I dare say the founders could never have imagined this once great, Christian nation would stray so far from the truth, and that men like Roy Moore would be viewed as wrong or extreme.

Where are old men like ourselves to go, Don?


----------



## Slippy (Nov 14, 2013)

Denton, 

Where do we go, you ask? Theoretically, I view our journey/mission, is to re-educate the next generation. To help them learn the Truth about our Great Country and the Model that our Founders laid before us. You already do that, we just need more like minded people. 
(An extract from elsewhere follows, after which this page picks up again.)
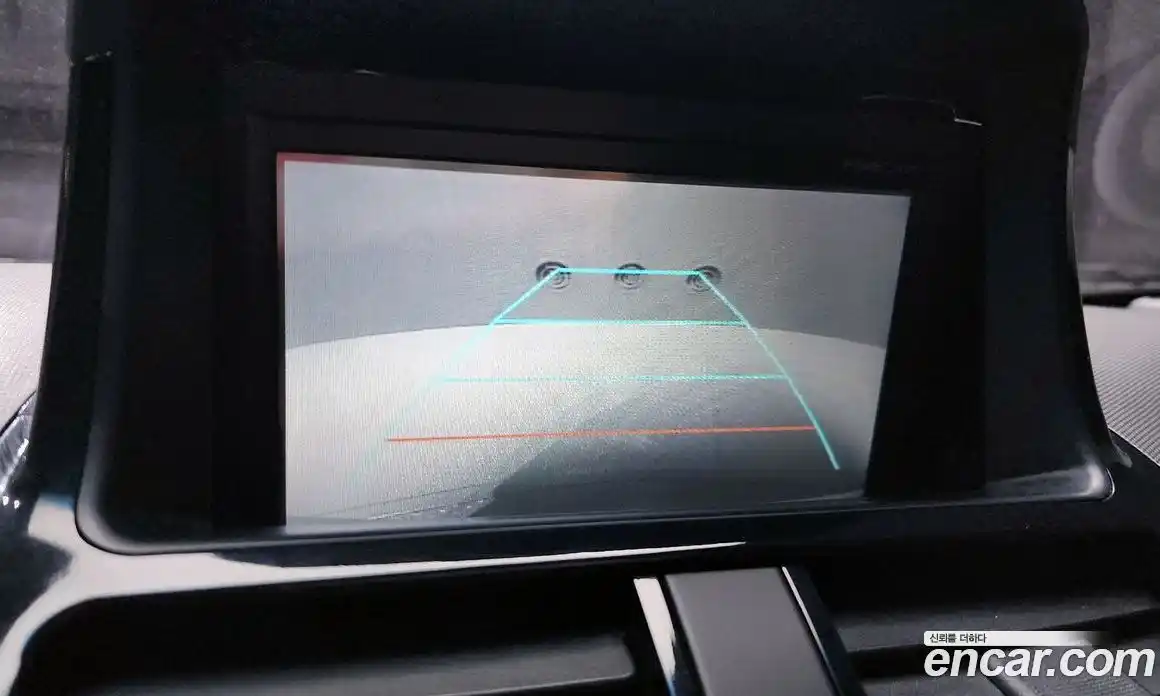 Chevrolet Spark 2014 1.0 Автомат в Москве № 718978, фото 16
(And on a side note, allowing our "young people" to get away with piss poor communication skills is totally counter-productive to our journey...)


----------



## rice paddy daddy (Jul 17, 2012)

Slippy said:


> Denton,
> 
> Where do we go, you ask? Theoretically, I view our journey/mission, is to re-educate the next generation. To help them learn the Truth about our Great Country and the Model that our Founders laid before us. You already do that, we just need more like minded people.
> 
> (And on a side note, allowing our "young people" to get away with piss poor communication skills is totally counter-productive to our journey...)
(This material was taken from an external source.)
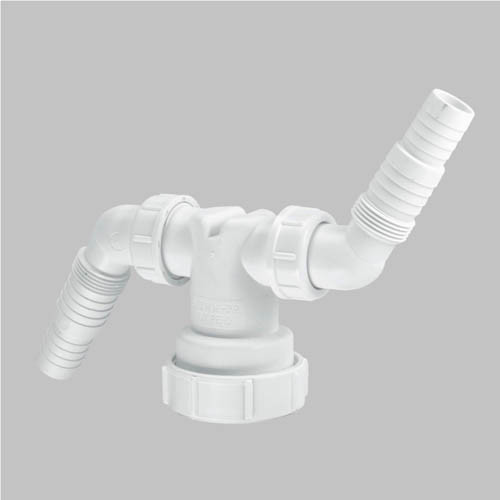 Washing Machine Traps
I successfully imparted to my own children a love of country, love for the Constitution, the ideals of Duty Honor Country, if you want something work for it, no one owes you anything, in fact the only thing this country owes you is to get out of your way so you can achieve or fail on your own.
And my two grown daughters are conservative right wingers.


----------



## ltcmas (Nov 18, 2014)

Actually if one has had phonics it can be understood..but does need more English training....or turn on spell check


----------



## NotTooProudToHide (Nov 3, 2013)

Troll alert!!!!!!!!!!!!!


----------



## Diver (Nov 22, 2014)

Well, that convinces me this forum is not safe for children.


----------



## theyoungbuck (Feb 24, 2015)

I don't care if you believe me or agree with me this is my opinion so if u don't like it oah well and thanks baglady for showing me spell check  have a nice day


----------



## Slippy (Nov 14, 2013)

theyoungbuck said:


> I don't care if you believe me or agree with me this is my opinion so if u don't like it oah well and thanks baglady for showing me spell check  have a nice day


How many pushups did you do today?


----------



## theyoungbuck (Feb 24, 2015)

50 push-ups 50 sit-ups and 20 pull-ups


----------



## theyoungbuck (Feb 24, 2015)

that's my morning routine


----------



## Sasquatch (Dec 12, 2014)

Denton said:


> No. He is performing at a level unacceptable for even his advertised age; assuming he is telling you the truth about his age. Pretending he is performing well does him no good at all.
> 
> Now, look at his "mistakes." They are not true grammatical mistakes. They are obviously the "mistakes" made by someone who is attempting to give you the impression they are twelve, but are lacking in the language skills necessary to pull off such a ruse.
> 
> Some folks are being duped, here.


Well, if he is a troll and trying to dupe people I will give him credit for being thorough. His album below screams 12 year old to me.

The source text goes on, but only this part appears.